The aluminum price has remained strong this year, even as the price of other metals such as copper have fallen. The steady if unspectacular rise in the price may lead one to believe the fundamentals for the metal are sound. In fact, nothing could be further from the truth, and the next two years could be a particularly volatile period for a number of reasons.
Global production has been rising strongly. HSBC estimates output will rise 8 percent this year, mainly driven by China at 10.8 percent and the Middle East at 24.6 percent. Chinese domestic output has returned to near record levels of 17 million tons per year in February this year, as smelters ( idled in the 4th quarter due to power constraints) have been brought back on stream; even so, capacity is still only running at about 80 percent and with the cost of production well under the market price, the main constraint holding idled capacity from coming back on stream is power supply. A combination of high coal prices and low water levels are severely hindering generators from producing as much electricity as the power-hungry economy requires. According to a Reuters article, China has warned that power shortages this summer could be the worst for years, with power generation and transmission systems unable to cope with the train crash of rising demand meeting coal shortages and low water levels.
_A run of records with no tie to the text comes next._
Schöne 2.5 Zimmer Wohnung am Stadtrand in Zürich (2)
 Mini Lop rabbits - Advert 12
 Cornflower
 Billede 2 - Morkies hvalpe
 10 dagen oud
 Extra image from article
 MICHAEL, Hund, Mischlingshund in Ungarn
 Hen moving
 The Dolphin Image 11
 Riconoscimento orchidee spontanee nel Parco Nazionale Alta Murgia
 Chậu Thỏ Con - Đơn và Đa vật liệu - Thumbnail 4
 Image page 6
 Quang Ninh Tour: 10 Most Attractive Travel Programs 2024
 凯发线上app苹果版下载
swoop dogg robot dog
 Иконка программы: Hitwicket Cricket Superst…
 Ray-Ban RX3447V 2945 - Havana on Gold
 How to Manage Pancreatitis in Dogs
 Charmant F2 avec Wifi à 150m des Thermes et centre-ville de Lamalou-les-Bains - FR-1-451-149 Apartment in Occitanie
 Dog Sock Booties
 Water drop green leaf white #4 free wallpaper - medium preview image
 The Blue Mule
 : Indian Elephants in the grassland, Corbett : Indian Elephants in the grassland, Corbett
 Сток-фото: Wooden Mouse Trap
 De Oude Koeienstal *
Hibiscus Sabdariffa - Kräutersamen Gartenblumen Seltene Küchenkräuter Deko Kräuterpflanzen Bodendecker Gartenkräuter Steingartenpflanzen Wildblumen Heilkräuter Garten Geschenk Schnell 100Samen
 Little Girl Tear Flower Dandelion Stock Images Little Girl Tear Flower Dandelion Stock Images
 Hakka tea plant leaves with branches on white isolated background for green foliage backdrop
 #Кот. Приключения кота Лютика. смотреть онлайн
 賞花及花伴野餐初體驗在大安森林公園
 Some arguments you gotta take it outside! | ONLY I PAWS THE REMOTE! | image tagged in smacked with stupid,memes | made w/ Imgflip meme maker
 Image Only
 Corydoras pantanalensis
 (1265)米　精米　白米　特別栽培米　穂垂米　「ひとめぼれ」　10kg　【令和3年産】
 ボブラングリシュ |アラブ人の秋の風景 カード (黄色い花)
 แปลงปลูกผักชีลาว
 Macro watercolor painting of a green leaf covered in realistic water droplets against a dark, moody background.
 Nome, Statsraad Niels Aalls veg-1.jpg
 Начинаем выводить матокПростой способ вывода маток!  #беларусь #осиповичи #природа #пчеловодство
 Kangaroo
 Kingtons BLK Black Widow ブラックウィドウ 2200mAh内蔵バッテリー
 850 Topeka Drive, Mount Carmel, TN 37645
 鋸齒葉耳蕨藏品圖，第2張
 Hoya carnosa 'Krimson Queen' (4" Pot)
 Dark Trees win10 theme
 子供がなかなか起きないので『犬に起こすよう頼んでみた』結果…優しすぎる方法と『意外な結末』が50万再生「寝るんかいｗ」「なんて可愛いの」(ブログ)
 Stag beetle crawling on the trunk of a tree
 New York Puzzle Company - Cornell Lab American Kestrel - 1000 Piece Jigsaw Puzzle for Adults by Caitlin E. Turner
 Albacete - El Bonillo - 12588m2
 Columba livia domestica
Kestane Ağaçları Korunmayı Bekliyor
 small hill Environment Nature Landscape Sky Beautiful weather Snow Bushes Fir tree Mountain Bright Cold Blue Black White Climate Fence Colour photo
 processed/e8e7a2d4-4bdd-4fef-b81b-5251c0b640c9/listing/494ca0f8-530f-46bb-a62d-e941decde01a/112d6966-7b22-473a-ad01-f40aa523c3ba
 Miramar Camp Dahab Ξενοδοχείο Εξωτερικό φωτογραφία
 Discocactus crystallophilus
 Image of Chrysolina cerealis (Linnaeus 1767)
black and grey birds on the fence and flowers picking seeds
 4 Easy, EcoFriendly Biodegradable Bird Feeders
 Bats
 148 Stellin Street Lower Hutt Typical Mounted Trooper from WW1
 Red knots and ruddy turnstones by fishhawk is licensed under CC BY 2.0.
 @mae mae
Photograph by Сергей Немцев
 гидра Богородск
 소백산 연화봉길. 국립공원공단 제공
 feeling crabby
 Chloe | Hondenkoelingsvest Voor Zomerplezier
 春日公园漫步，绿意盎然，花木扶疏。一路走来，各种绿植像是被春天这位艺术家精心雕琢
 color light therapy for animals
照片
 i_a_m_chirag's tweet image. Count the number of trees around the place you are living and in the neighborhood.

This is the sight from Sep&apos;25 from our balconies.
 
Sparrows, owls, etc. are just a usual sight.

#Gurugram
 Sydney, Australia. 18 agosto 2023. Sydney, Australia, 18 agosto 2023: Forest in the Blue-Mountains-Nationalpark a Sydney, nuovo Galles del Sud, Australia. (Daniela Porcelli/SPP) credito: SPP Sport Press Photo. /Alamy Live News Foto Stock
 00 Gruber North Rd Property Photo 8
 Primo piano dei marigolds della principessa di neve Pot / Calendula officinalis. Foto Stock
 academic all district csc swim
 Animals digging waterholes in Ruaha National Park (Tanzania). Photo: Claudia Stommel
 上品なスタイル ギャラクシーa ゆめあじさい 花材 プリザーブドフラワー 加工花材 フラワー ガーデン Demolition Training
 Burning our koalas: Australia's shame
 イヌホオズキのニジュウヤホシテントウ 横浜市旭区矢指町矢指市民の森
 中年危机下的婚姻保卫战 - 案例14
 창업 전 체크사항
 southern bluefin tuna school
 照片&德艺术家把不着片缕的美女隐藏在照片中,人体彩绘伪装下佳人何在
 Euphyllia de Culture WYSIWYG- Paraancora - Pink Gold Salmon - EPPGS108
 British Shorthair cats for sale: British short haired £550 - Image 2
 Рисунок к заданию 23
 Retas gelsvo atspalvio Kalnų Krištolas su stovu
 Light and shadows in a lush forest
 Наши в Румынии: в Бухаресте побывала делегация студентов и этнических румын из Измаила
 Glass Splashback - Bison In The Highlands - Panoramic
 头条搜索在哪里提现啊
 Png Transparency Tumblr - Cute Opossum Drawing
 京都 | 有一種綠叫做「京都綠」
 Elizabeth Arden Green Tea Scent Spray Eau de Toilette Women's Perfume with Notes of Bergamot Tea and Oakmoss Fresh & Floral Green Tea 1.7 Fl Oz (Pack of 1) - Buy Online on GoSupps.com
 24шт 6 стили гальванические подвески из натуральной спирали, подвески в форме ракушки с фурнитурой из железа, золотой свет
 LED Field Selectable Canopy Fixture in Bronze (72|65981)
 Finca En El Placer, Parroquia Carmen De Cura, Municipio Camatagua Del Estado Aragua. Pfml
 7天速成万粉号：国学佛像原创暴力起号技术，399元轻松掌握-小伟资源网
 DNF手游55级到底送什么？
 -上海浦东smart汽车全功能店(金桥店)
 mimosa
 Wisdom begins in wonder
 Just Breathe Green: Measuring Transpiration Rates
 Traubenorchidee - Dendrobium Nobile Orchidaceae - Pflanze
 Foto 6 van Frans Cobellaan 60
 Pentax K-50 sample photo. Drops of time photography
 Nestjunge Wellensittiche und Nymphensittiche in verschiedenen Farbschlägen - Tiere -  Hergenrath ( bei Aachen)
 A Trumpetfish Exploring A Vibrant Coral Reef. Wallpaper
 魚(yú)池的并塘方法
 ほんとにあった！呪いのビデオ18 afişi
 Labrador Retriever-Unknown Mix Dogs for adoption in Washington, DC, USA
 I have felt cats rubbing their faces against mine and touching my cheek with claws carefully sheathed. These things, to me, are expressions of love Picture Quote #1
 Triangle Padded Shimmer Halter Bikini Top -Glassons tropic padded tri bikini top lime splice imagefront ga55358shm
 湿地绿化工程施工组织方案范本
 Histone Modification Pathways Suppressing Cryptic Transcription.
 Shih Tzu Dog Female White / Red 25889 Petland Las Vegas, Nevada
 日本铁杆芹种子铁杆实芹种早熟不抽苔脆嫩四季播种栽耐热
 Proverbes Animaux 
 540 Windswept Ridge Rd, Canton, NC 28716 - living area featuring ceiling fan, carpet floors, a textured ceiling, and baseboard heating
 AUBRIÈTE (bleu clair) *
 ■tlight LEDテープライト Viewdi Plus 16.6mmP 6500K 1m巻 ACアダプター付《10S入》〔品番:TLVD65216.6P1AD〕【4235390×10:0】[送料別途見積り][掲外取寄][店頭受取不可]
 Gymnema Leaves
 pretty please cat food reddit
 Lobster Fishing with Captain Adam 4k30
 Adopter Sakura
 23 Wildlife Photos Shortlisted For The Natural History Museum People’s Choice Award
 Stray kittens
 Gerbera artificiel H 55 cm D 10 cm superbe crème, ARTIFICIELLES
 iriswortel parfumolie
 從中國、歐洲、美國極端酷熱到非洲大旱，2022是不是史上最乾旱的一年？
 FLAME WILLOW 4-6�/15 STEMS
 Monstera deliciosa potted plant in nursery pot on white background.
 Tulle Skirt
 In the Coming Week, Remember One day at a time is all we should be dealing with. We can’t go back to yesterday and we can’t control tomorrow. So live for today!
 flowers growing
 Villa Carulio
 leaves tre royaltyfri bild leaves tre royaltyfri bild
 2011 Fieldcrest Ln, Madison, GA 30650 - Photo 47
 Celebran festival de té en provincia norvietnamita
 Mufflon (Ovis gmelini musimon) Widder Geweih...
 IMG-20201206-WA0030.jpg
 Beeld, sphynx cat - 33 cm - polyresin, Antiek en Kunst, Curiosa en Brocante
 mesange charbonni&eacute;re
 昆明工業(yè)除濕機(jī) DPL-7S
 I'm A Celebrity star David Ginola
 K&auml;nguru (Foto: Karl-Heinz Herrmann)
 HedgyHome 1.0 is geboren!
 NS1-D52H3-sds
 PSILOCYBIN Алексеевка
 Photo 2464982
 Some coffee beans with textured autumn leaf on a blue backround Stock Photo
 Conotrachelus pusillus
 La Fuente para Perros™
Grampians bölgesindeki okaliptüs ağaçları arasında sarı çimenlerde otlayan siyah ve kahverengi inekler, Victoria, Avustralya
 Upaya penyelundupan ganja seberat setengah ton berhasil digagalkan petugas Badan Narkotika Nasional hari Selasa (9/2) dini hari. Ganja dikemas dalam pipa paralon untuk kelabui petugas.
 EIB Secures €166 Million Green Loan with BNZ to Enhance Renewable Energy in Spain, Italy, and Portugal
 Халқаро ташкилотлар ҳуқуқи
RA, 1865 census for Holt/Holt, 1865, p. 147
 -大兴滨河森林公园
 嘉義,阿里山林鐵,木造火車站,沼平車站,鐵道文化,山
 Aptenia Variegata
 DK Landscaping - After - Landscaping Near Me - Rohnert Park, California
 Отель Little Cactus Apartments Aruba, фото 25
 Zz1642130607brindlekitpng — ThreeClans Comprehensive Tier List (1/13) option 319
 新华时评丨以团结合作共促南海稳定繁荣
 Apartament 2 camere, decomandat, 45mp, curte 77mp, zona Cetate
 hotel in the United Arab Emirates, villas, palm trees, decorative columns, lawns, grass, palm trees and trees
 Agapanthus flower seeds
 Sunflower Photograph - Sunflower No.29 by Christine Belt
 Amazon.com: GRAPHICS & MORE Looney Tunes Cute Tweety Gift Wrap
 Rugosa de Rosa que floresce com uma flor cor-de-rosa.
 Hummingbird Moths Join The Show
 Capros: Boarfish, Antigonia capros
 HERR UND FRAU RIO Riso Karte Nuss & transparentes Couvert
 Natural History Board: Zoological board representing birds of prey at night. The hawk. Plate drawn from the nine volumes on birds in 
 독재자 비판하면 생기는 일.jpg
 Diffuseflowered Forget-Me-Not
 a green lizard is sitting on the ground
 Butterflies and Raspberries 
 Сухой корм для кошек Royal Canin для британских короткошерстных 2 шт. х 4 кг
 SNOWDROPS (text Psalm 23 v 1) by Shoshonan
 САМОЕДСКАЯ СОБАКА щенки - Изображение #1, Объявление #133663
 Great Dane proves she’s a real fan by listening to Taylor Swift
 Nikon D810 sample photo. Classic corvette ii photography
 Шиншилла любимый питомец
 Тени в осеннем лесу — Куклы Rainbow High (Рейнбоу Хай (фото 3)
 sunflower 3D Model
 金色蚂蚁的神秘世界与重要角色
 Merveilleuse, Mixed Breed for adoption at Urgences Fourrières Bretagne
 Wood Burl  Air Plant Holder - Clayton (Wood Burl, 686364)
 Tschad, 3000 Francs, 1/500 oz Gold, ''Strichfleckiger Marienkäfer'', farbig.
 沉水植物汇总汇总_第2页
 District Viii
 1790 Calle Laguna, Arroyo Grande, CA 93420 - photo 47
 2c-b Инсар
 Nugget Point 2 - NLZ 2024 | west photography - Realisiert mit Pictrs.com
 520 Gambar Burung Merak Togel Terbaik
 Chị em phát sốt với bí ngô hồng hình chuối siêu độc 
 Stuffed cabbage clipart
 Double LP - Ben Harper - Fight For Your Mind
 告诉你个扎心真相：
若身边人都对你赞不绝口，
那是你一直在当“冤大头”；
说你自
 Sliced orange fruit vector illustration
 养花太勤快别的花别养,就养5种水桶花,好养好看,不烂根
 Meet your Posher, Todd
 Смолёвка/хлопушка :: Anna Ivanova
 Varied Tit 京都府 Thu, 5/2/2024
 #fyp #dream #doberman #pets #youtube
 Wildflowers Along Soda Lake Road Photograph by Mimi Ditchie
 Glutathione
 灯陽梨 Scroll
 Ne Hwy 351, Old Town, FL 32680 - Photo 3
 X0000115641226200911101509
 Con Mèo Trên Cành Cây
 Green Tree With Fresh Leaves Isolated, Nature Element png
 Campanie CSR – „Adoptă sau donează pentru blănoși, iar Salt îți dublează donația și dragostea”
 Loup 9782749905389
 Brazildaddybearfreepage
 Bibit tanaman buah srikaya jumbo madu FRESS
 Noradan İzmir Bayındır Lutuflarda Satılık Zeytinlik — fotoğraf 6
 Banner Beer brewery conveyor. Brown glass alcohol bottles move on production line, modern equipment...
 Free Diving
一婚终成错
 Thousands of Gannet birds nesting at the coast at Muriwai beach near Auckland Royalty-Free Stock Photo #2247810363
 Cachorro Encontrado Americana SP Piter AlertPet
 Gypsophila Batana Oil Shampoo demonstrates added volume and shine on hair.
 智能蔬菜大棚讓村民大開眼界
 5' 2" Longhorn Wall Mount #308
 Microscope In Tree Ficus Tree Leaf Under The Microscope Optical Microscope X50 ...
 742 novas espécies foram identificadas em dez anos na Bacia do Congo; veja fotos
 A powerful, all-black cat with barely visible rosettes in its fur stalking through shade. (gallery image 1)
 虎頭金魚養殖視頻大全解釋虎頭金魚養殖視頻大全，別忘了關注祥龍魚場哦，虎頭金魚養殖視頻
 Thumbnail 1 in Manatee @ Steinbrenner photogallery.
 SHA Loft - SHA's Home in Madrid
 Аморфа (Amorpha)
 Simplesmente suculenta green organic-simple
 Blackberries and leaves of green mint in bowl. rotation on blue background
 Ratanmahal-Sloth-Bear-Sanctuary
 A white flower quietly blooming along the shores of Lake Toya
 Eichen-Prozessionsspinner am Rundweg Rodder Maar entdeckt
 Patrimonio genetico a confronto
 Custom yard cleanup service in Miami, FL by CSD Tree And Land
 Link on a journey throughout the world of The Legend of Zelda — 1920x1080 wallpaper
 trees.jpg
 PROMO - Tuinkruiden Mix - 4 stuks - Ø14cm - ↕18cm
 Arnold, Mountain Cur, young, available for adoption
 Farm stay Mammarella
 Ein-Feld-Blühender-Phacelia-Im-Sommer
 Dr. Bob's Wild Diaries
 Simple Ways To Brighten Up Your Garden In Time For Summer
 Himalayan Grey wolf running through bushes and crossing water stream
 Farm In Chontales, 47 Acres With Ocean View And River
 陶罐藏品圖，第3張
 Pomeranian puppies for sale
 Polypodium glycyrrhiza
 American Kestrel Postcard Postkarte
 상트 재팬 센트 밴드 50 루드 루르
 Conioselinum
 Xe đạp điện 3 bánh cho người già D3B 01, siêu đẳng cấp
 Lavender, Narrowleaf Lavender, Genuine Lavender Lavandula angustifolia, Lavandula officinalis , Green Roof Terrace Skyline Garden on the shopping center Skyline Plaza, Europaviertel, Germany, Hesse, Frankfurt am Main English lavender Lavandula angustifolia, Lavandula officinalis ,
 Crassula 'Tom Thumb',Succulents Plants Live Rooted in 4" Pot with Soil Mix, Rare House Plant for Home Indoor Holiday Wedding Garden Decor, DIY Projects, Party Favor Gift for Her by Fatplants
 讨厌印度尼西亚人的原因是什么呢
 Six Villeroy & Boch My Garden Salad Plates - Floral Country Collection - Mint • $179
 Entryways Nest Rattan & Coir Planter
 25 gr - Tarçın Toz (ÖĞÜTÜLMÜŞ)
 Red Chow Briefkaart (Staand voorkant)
Meanwhile in the rest of the world, output has been rising, as this graph from Reuters shows, particularly in the Middle East where output in March 2011 was running over 30 percent higher than in March last year. That’s down to the simultaneous commissioning of two new smelters, the 585,000-ton per year Qatalum plant in Qatar and the 700,000-ton per year EMAL plant in Abu Dhabi.
Global aluminum demand appears to be steadily returning, forecast to rise by 9.0 percent in 2011 on top of 12.6 percent last year, according to HSBC. Events in Japan will dent demand there this year, but stimulate demand next year as reconstruction gathers pace.
Amazingly, with some 4.6 million tons of headline inventory plus even larger stocks held off-market, we can still talk positively about falling stocks weeks, with the bank predicting cover falling from 9.1 weeks last year to 8.6 this year, 8.1 next and 7.3 by 2014. The result in the bank’s estimate will be a gradually rising price out to at least 2013 with an average of US $2,535 per metric ton ($1.15/lb) for this year, US$2,600 ($1.18/lb) next year and US$2,645 ($1.20/lb) in 2012.
There are risks to these numbers both on the upside and the down, and in large part the swingo-meter is driven by China.